Exercise description: No pictures belong in the copy. Retype exactly, and only, the stretch of lines below from the one with "Chargeur EV type" through the one with "Sentido Apollo Palace".

Given entries:
|---|
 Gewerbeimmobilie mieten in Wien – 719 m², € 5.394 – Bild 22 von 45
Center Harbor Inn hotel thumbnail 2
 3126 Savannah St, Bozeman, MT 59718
|---|
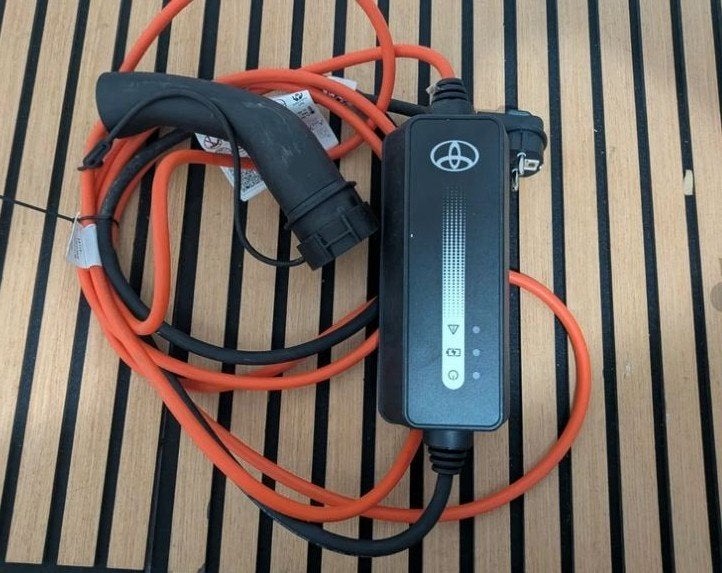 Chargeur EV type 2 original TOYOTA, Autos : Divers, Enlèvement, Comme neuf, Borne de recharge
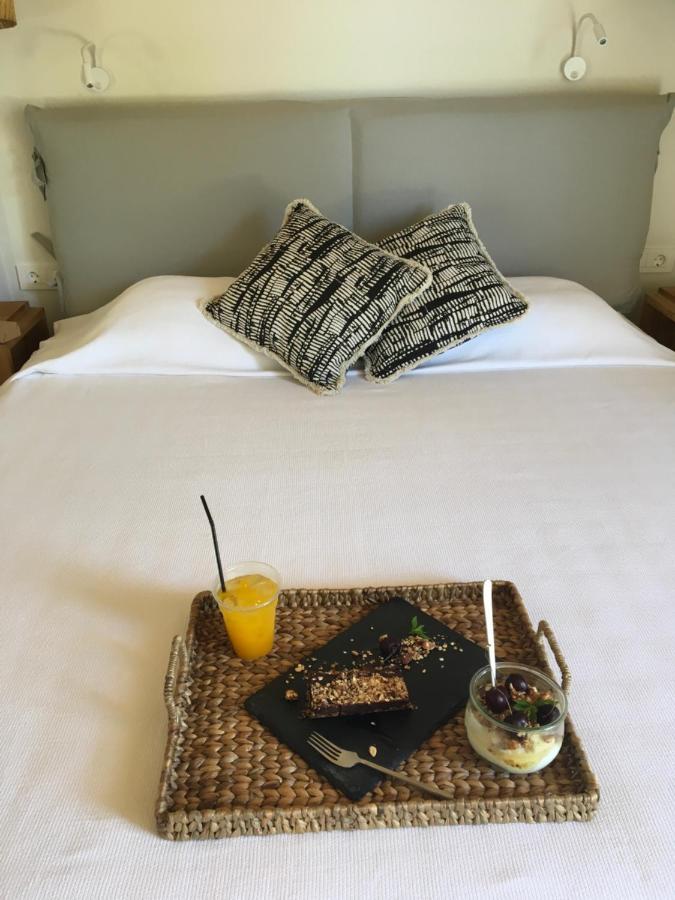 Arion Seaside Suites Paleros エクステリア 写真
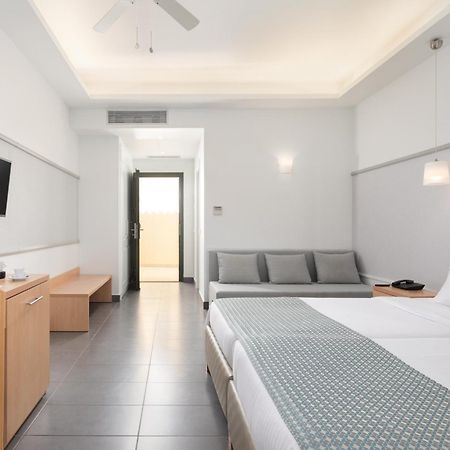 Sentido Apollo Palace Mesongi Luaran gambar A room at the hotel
|---|
Answer for the task:
 Chargeur EV type 2 original TOYOTA, Autos : Divers, Enlèvement, Comme neuf, Borne de recharge
 Arion Seaside Suites Paleros エクステリア 写真
 Sentido Apollo Palace Mesongi Luaran gambar A room at the hotel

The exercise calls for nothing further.